Segment Open
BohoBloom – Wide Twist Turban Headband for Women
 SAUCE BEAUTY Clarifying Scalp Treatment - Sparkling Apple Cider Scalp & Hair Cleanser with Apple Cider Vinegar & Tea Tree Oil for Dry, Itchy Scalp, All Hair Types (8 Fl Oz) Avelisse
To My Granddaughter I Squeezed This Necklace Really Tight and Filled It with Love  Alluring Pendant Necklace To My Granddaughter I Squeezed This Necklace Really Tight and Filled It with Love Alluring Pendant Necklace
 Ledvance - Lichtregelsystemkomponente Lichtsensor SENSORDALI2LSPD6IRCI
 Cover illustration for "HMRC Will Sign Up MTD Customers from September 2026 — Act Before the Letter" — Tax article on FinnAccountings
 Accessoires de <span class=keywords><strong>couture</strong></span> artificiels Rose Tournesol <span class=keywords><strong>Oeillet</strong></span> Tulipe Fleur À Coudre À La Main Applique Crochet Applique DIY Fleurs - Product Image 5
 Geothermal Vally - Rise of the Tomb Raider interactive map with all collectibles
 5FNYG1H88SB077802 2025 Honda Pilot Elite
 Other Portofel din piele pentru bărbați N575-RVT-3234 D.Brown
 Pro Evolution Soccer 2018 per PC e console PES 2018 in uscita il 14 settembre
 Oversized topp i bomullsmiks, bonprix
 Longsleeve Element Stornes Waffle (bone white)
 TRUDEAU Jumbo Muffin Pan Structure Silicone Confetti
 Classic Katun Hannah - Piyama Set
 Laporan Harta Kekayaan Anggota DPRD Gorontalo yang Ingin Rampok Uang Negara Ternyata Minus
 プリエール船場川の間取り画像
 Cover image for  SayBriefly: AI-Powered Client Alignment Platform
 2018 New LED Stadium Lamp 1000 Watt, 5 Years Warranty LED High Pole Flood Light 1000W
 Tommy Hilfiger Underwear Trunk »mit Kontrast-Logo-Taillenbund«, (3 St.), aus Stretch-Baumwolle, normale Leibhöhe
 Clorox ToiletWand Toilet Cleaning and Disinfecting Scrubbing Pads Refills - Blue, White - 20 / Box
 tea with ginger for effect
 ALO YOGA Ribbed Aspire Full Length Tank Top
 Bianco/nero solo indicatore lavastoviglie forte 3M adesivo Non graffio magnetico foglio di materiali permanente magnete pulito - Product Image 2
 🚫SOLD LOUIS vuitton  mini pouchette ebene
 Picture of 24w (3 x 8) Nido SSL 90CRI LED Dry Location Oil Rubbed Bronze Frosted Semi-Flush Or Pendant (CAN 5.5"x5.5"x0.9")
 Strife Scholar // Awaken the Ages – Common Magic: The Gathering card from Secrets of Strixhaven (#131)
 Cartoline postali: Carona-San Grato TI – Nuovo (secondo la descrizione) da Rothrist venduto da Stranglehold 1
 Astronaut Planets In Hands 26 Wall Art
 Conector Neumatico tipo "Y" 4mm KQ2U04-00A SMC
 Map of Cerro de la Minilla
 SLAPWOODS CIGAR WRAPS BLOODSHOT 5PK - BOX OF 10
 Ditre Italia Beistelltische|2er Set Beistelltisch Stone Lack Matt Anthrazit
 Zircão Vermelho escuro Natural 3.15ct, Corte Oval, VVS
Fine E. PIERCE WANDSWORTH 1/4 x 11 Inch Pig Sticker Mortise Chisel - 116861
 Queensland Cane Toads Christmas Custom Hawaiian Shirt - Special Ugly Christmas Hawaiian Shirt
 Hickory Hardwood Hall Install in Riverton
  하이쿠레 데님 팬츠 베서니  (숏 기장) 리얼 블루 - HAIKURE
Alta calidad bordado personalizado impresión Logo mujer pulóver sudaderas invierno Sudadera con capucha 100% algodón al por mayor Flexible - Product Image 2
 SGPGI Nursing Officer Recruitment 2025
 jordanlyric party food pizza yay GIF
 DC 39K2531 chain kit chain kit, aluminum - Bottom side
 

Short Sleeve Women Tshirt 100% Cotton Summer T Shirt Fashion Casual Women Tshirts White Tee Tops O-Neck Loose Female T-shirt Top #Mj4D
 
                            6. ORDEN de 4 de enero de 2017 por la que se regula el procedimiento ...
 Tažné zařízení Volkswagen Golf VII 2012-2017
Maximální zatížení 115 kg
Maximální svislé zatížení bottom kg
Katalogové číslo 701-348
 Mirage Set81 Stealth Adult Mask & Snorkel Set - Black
Segment Closed
◆ WORK INSTRUCTION
When you restate the listing, keep each line identical to the original.

◆ ANSWER FOR THIS EXERCISE
BohoBloom – Wide Twist Turban Headband for Women
 SAUCE BEAUTY Clarifying Scalp Treatment - Sparkling Apple Cider Scalp & Hair Cleanser with Apple Cider Vinegar & Tea Tree Oil for Dry, Itchy Scalp, All Hair Types (8 Fl Oz) Avelisse
To My Granddaughter I Squeezed This Necklace Really Tight and Filled It with Love  Alluring Pendant Necklace To My Granddaughter I Squeezed This Necklace Really Tight and Filled It with Love Alluring Pendant Necklace
 Ledvance - Lichtregelsystemkomponente Lichtsensor SENSORDALI2LSPD6IRCI
 Cover illustration for "HMRC Will Sign Up MTD Customers from September 2026 — Act Before the Letter" — Tax article on FinnAccountings
 Accessoires de <span class=keywords><strong>couture</strong></span> artificiels Rose Tournesol <span class=keywords><strong>Oeillet</strong></span> Tulipe Fleur À Coudre À La Main Applique Crochet Applique DIY Fleurs - Product Image 5
 Geothermal Vally - Rise of the Tomb Raider interactive map with all collectibles
 5FNYG1H88SB077802 2025 Honda Pilot Elite
 Other Portofel din piele pentru bărbați N575-RVT-3234 D.Brown
 Pro Evolution Soccer 2018 per PC e console PES 2018 in uscita il 14 settembre
 Oversized topp i bomullsmiks, bonprix
 Longsleeve Element Stornes Waffle (bone white)
 TRUDEAU Jumbo Muffin Pan Structure Silicone Confetti
 Classic Katun Hannah - Piyama Set
 Laporan Harta Kekayaan Anggota DPRD Gorontalo yang Ingin Rampok Uang Negara Ternyata Minus
 プリエール船場川の間取り画像
 Cover image for  SayBriefly: AI-Powered Client Alignment Platform
 2018 New LED Stadium Lamp 1000 Watt, 5 Years Warranty LED High Pole Flood Light 1000W
 Tommy Hilfiger Underwear Trunk »mit Kontrast-Logo-Taillenbund«, (3 St.), aus Stretch-Baumwolle, normale Leibhöhe
 Clorox ToiletWand Toilet Cleaning and Disinfecting Scrubbing Pads Refills - Blue, White - 20 / Box
 tea with ginger for effect
 ALO YOGA Ribbed Aspire Full Length Tank Top
 Bianco/nero solo indicatore lavastoviglie forte 3M adesivo Non graffio magnetico foglio di materiali permanente magnete pulito - Product Image 2
 🚫SOLD LOUIS vuitton  mini pouchette ebene
 Picture of 24w (3 x 8) Nido SSL 90CRI LED Dry Location Oil Rubbed Bronze Frosted Semi-Flush Or Pendant (CAN 5.5"x5.5"x0.9")
 Strife Scholar // Awaken the Ages – Common Magic: The Gathering card from Secrets of Strixhaven (#131)
 Cartoline postali: Carona-San Grato TI – Nuovo (secondo la descrizione) da Rothrist venduto da Stranglehold 1
 Astronaut Planets In Hands 26 Wall Art
 Conector Neumatico tipo "Y" 4mm KQ2U04-00A SMC
 Map of Cerro de la Minilla
 SLAPWOODS CIGAR WRAPS BLOODSHOT 5PK - BOX OF 10
 Ditre Italia Beistelltische|2er Set Beistelltisch Stone Lack Matt Anthrazit
 Zircão Vermelho escuro Natural 3.15ct, Corte Oval, VVS
Fine E. PIERCE WANDSWORTH 1/4 x 11 Inch Pig Sticker Mortise Chisel - 116861
 Queensland Cane Toads Christmas Custom Hawaiian Shirt - Special Ugly Christmas Hawaiian Shirt
 Hickory Hardwood Hall Install in Riverton
  하이쿠레 데님 팬츠 베서니  (숏 기장) 리얼 블루 - HAIKURE
Alta calidad bordado personalizado impresión Logo mujer pulóver sudaderas invierno Sudadera con capucha 100% algodón al por mayor Flexible - Product Image 2
 SGPGI Nursing Officer Recruitment 2025
 jordanlyric party food pizza yay GIF
 DC 39K2531 chain kit chain kit, aluminum - Bottom side
 

Short Sleeve Women Tshirt 100% Cotton Summer T Shirt Fashion Casual Women Tshirts White Tee Tops O-Neck Loose Female T-shirt Top #Mj4D
 
                            6. ORDEN de 4 de enero de 2017 por la que se regula el procedimiento ...
 Tažné zařízení Volkswagen Golf VII 2012-2017
Maximální zatížení 115 kg
Maximální svislé zatížení bottom kg
Katalogové číslo 701-348
 Mirage Set81 Stealth Adult Mask & Snorkel Set - Black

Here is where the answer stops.